> [Exercise details]: Would you retype exactly the lines below, from the one containing "Monarch_EnvironmentalFAQs_Banner" through the end of the entries, both ends included, but not the pictures?

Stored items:
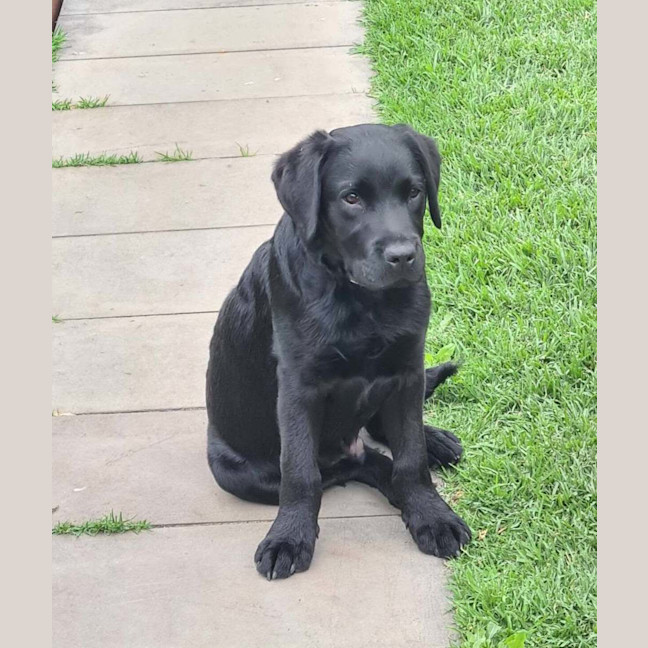 Photo of Doug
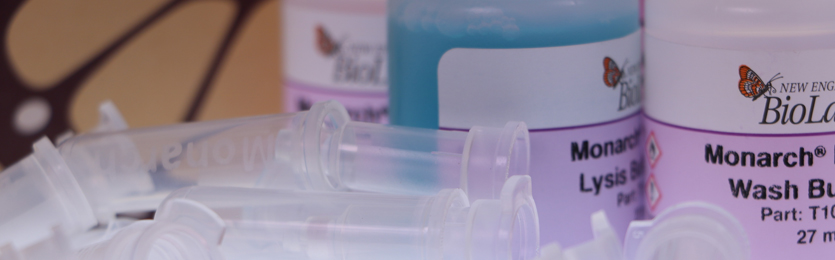 Monarch_EnvironmentalFAQs_Banner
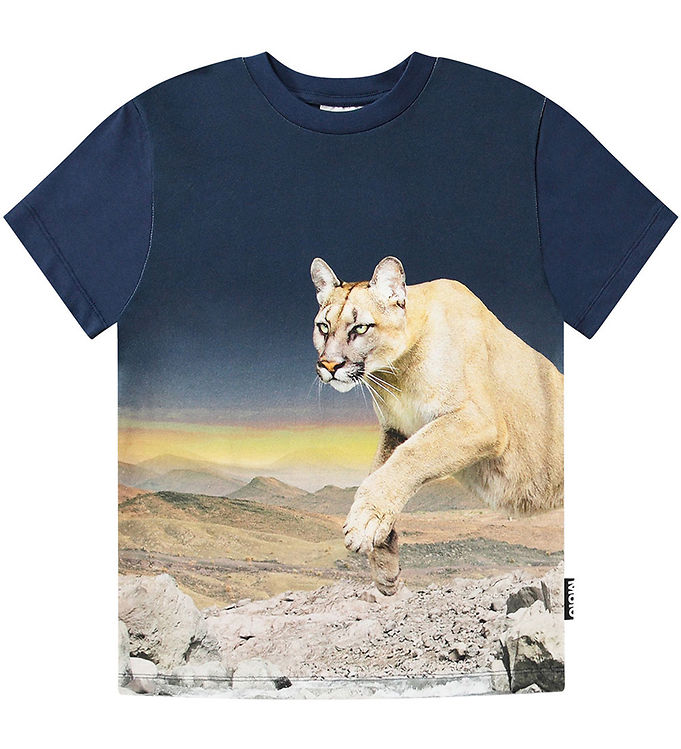 Molo T Shirt Roxo Puma Blue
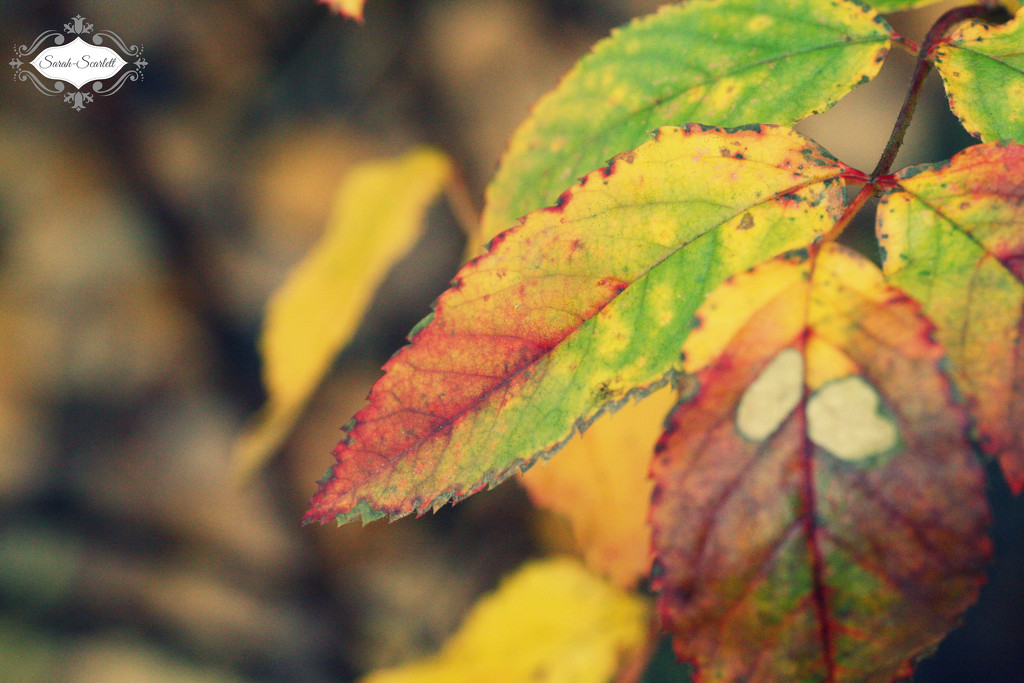 Leaf of many colors  by sarahlh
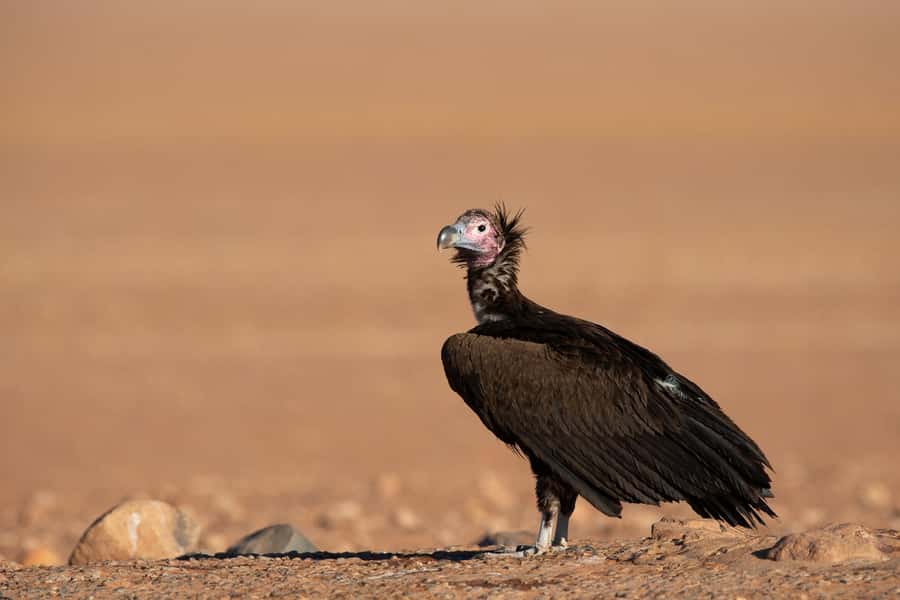 Private Sandwich Harbour 4x4 Tour with Lunch - Walvis Bay - Is $323 per person good value?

> [Solution]:
 Monarch_EnvironmentalFAQs_Banner
 Molo T Shirt Roxo Puma Blue
 Leaf of many colors  by sarahlh
 Private Sandwich Harbour 4x4 Tour with Lunch - Walvis Bay - Is $323 per person good value?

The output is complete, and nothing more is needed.